*PROBLEM STATEMENT*
All of the data must be output exactly, with every picture left out.

+++ DATA EXCERPT +++

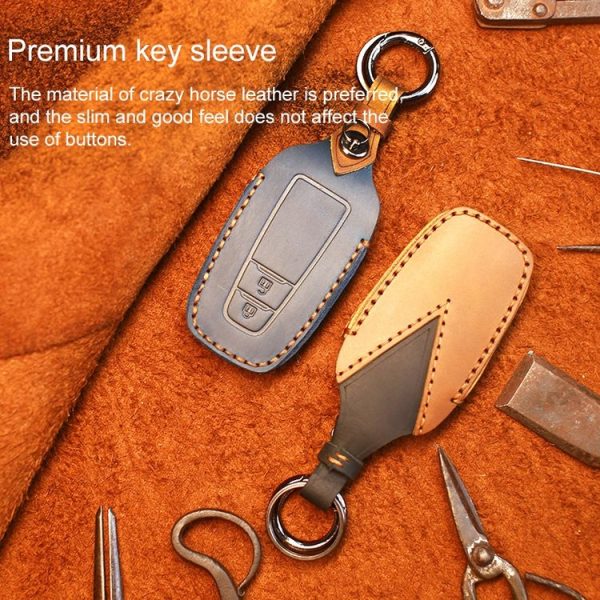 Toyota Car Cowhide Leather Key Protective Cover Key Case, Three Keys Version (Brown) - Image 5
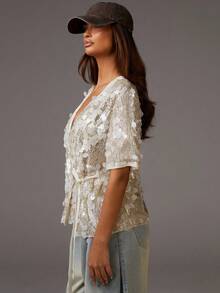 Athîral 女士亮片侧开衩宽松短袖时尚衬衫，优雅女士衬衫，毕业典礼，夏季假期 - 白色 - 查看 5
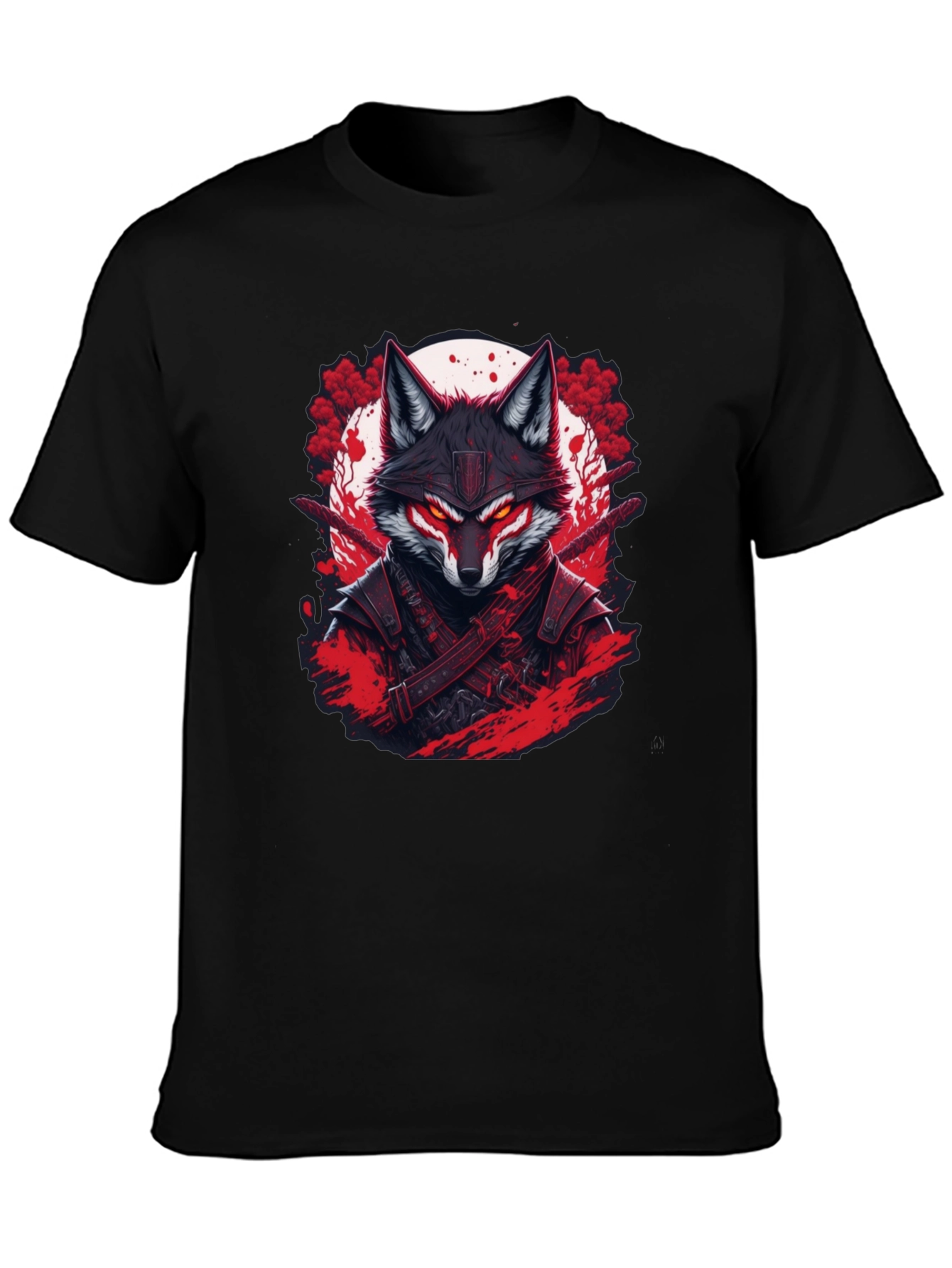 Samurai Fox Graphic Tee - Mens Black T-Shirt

+++

*OUTPUT OF THE EXERCISE*
 Toyota Car Cowhide Leather Key Protective Cover Key Case, Three Keys Version (Brown) - Image 5
 Athîral 女士亮片侧开衩宽松短袖时尚衬衫，优雅女士衬衫，毕业典礼，夏季假期 - 白色 - 查看 5
 Samurai Fox Graphic Tee - Mens Black T-Shirt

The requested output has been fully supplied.